Your assignment: Tally every line of the listing below that holds "Chapter", then give the tally alone.

Exercise inputs:
------------------------
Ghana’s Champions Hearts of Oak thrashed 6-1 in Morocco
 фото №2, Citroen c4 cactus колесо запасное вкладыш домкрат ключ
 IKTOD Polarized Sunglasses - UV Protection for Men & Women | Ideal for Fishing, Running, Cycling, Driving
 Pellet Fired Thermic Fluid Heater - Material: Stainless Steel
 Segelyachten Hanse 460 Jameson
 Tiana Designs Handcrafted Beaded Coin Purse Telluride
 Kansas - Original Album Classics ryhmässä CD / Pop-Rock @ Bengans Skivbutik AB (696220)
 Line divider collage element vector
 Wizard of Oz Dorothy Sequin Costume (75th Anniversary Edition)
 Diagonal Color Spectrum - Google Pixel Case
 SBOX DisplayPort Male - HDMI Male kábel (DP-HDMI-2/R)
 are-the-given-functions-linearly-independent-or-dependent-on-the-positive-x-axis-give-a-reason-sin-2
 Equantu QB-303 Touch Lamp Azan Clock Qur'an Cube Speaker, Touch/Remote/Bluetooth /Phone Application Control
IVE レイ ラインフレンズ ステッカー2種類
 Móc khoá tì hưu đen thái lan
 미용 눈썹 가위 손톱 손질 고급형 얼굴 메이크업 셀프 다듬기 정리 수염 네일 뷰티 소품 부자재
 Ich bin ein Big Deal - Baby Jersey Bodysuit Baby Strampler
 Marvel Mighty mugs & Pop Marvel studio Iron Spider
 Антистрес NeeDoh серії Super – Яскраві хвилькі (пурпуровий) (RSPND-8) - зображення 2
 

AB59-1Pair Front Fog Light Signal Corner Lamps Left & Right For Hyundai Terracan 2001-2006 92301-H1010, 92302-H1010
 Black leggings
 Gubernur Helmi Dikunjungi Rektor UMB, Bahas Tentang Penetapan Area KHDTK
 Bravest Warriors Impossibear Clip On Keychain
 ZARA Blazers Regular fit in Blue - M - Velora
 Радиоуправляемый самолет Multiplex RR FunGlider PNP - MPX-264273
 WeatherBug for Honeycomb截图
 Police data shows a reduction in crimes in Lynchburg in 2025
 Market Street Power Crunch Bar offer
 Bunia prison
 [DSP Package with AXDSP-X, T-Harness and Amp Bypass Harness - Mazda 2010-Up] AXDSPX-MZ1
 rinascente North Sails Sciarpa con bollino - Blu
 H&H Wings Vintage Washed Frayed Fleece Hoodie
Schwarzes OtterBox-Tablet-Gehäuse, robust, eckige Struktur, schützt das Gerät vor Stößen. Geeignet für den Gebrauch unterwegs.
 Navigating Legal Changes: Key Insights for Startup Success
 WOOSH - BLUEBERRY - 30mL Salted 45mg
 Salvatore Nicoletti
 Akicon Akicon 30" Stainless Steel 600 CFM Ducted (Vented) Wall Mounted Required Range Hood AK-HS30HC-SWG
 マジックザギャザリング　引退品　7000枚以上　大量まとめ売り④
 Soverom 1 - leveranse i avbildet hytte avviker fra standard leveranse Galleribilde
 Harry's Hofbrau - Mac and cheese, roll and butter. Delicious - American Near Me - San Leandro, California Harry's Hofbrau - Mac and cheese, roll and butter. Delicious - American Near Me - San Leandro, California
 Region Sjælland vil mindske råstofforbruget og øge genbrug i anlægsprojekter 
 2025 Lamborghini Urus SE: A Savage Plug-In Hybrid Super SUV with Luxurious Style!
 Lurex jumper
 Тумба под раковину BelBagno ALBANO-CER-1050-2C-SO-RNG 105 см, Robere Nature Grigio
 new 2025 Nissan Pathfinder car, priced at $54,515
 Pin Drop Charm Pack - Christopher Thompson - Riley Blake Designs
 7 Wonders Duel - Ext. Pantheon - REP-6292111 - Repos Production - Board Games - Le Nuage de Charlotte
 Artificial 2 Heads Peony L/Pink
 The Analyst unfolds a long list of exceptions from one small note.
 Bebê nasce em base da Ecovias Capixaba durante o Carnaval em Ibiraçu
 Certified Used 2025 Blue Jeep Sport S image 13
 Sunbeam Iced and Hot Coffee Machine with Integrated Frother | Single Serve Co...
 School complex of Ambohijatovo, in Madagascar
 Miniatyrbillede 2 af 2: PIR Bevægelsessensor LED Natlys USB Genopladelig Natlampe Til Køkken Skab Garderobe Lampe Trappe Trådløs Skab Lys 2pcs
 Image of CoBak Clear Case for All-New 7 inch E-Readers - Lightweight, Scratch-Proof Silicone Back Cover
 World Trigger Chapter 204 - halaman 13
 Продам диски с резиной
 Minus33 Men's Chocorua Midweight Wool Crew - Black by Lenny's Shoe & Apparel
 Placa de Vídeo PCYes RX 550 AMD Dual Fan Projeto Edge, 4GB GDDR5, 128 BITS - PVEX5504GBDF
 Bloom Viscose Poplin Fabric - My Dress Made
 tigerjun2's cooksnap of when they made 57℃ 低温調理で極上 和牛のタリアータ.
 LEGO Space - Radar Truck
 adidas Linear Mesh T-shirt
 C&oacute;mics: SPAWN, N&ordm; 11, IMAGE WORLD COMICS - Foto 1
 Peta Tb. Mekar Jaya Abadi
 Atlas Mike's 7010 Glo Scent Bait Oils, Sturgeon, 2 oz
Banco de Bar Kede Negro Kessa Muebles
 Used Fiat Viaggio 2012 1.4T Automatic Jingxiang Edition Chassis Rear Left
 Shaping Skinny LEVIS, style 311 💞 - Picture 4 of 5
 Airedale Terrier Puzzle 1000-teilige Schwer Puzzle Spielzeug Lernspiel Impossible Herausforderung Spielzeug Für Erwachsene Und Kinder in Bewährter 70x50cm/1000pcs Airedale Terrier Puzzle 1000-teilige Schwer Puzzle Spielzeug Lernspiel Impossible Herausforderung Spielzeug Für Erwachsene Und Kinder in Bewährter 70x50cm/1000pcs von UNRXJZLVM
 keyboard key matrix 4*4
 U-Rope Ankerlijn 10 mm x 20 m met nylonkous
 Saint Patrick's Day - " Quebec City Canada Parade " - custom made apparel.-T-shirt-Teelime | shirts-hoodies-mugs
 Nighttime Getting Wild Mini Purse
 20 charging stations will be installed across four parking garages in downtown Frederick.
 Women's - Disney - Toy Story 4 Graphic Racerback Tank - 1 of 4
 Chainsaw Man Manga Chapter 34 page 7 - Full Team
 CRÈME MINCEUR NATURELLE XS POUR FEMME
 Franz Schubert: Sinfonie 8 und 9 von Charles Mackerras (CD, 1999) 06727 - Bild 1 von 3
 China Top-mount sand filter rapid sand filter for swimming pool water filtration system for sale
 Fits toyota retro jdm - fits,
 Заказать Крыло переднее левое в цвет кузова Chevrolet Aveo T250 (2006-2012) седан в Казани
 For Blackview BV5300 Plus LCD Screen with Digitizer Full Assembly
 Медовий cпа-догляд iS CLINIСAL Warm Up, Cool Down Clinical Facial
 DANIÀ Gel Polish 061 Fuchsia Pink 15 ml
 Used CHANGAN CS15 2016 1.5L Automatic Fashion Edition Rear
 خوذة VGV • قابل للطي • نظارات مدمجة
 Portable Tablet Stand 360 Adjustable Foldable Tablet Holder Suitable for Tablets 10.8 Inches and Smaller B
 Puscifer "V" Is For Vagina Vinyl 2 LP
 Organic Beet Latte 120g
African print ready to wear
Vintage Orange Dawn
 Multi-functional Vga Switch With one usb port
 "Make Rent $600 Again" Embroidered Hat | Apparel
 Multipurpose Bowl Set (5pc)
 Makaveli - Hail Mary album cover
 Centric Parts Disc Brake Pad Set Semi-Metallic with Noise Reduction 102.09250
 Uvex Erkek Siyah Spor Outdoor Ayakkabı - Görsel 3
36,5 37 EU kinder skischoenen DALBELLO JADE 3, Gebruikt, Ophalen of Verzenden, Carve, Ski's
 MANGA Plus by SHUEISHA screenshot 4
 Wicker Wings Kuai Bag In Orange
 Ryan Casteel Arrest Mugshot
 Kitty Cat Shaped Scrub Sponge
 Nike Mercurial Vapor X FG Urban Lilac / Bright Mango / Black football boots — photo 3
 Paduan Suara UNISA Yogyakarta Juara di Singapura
------------------------
Solution to this task: 2